Why do companies pay dividends?
Dividends are earnings on stock investments. They are paid to shareholders either in cash or additional shares to reward them for investing in the company and to incentivise them to keep holding their shares. The decision to pay dividends to shareholders belongs to the board of directors of the respective company.
Dividends reflect positively on a company, its performance and perceived value. Investors buy shares because they expect the value of a company’s stocks to increase over time, and they also buy shares to receive annual or quarterly dividend payments in return for their investment.
Are investors entitled to dividend payments?
Dividends provide investors with additional income. However, shareholders are not automatically entitled to dividend payments, as it is up to the issuing company whether to distribute dividends. This decision depends on factors such as positive company performance, plans that require a company to reinvest all earnings for future growth, and others.
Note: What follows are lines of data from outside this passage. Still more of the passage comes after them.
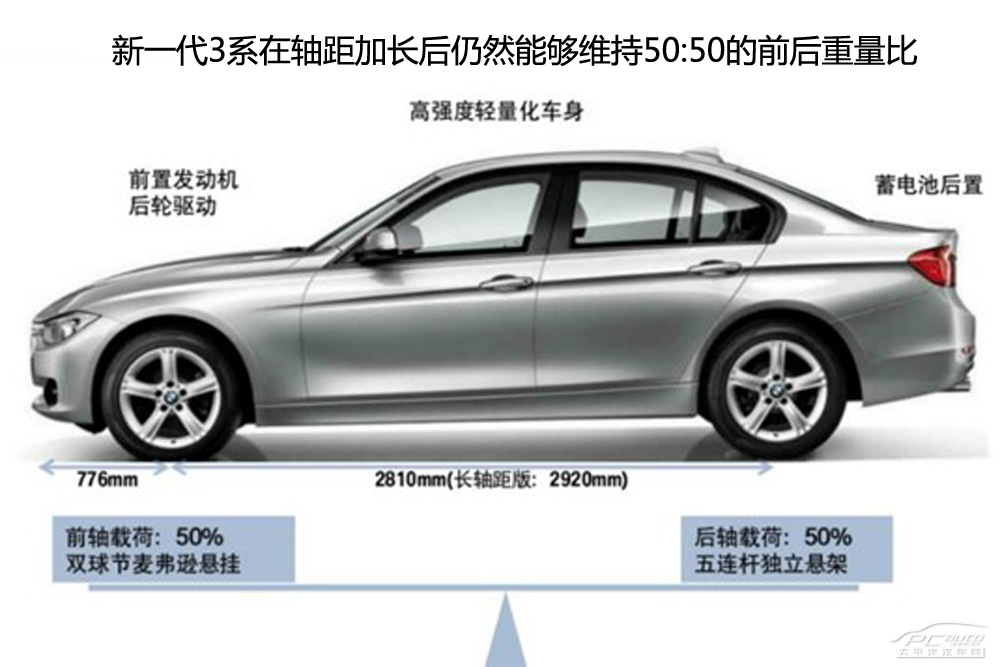 新宝马3系购车手册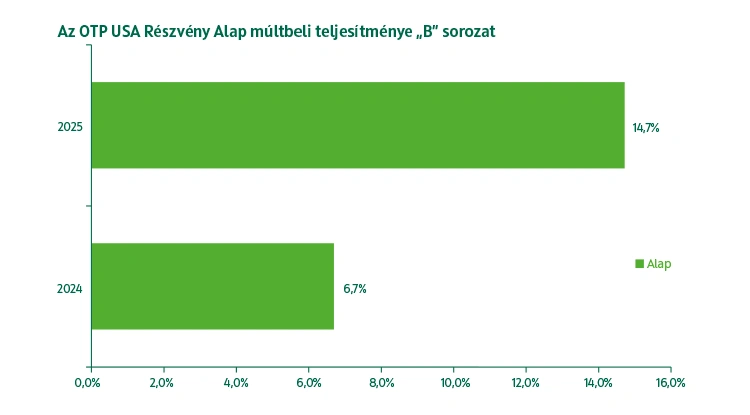 OTP USA Részvény Alap B sorozat múltbeli teljesítmény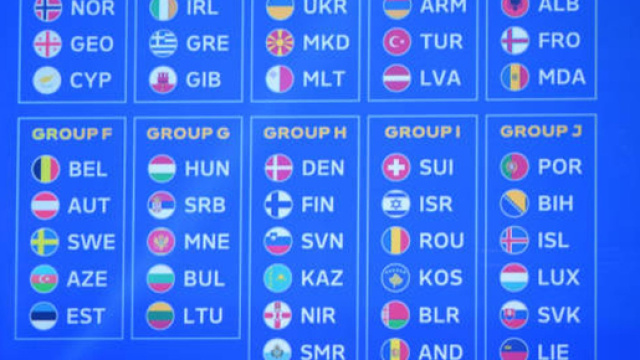 UEFA Euro 2024 qualifying draw summary: groups, schedule, fixtures ... - as.com
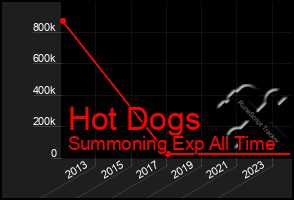 Total Graph of Hot Dogs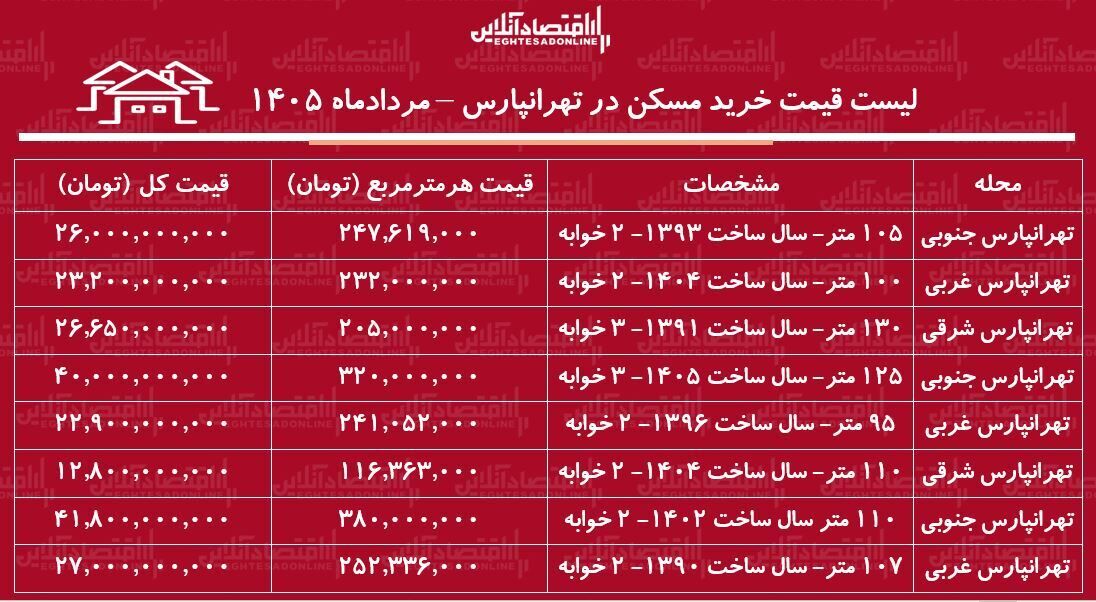 لیست قیمت خرید مسکن در تهران‌پارس/ میانگین قیمت خرید هر متر آپارتمان در این منطقه چقدر است؟ + جدول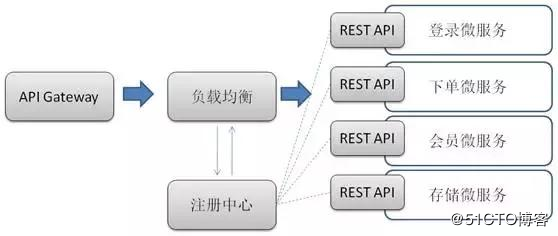 iUAP云运维平台v3.0全面支持基于K8s的微服务架构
How much in dividends do companies pay?
Stock dividends are paid to shareholders in proportion to the number of shares they hold in a company. Dividends are usually paid once a year, sometimes on a quarterly basis, meaning four times a year. A healthy percentage of profits used by a company for dividend payment is about 35% to 55%.
The exact percentage of profit a company distributes to its shareholders is determined at the annual general meeting all shareholders are entitled to attend. At the annual general meeting, a company also presents its financial statements and elects the Board of Directors for the year ahead. If an investor’s shares are being held in a custody account with a financial institution, the custodian bank takes care of dividend settlement. Distribution of profits to shareholders usually takes place one day after the annual general meeting.
Companies issue stock dividends (additional shares to shareholding investors) when they decide not to issue dividends in the form of cash but still want to reward investors.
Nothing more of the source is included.